ある家族の話。―母と(ちょっと成長した)娘の話―



「 ねぇ、お母さん 」
「 なぁに? 」

「 お母さんとお父さんは大恋愛だったの? 」
「 どうだと思う? 」
突然の娘の言葉にも母は動じない。
「 う〜ん、大恋愛だったと思う! 」
「 どうしてそう思うの? 」
母はあくまでも笑顔を絶やさない。
「 あのね?稚林ちゃんがお父さんとお母さんは大恋愛だったって 」
「 あら、ちーちゃんに聞いたの 」
親友で、義姉の名前が出て、ようやく少し驚く。
「 うん、お父さんの背中に残ってる傷はお母さんを庇って出来た傷だから名誉の傷なんだって言ってた。
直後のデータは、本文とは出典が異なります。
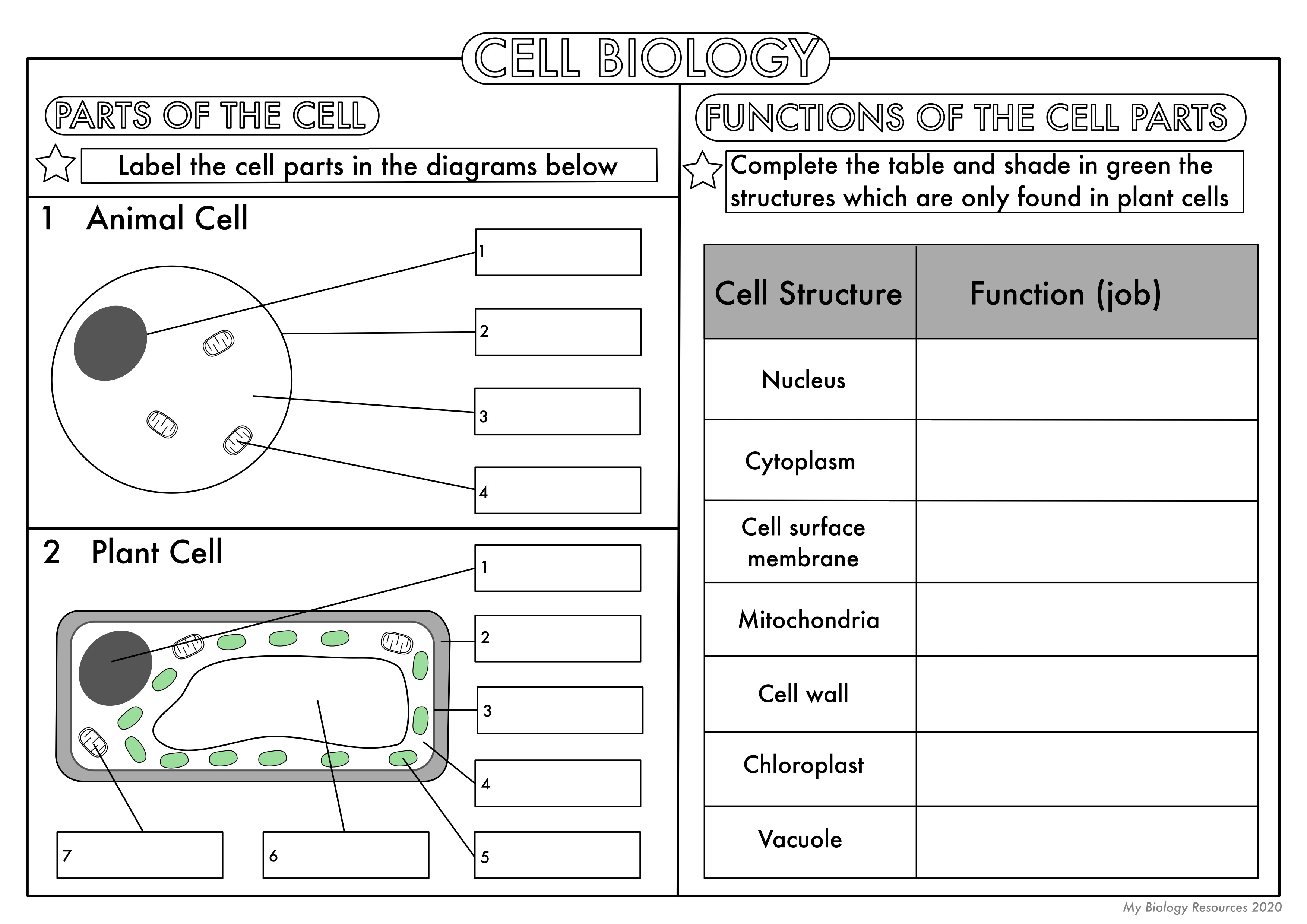 assignment topics for cell biology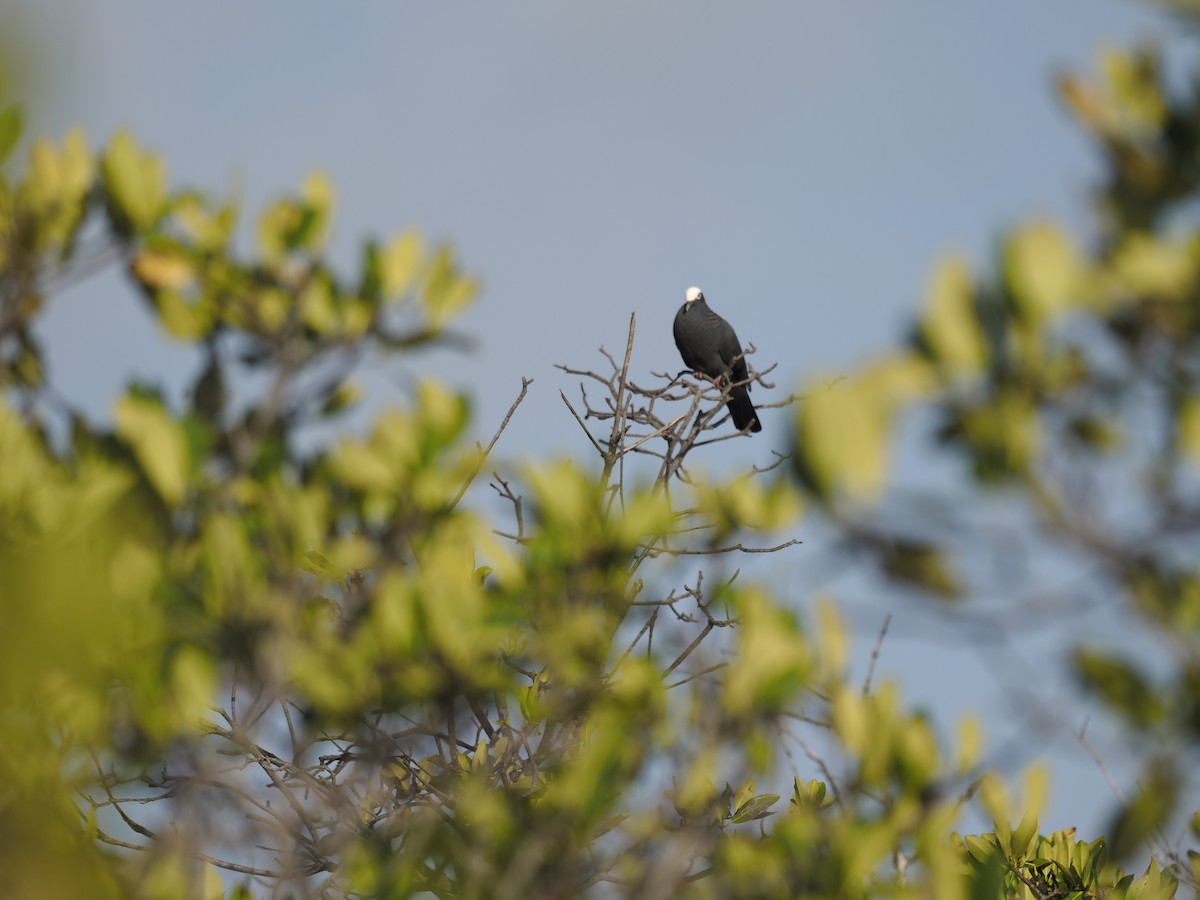 White-crowned Pigeon - ML642708023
ほんとなの?? 」
「 ほんとうよ 」
母は娘に優しく笑いかける。
「 お父さんとお母さんの話聞きたい! 」
「 そうね、いつか由花にも素敵な人が出来たときに教えてあげるわ 」
「 え〜、そんなに先ぃ? 」
「 きっと、もうすぐよ。由花にもお父さんやお母さん、それに蓮夜よりも
大切だって思える人が出来たら、話してあげる。それまでは内緒よ 」

そういって微笑む母はいつまでも恋する少女の様だった。

父との恋のお話は、息子や娘と同じくらい大切な
母の宝物だから、時期が来るまでもう少し
大切にしまっておこう。
娘に、家族よりも傍にいて支えてあげたいと思う人が現れるまで。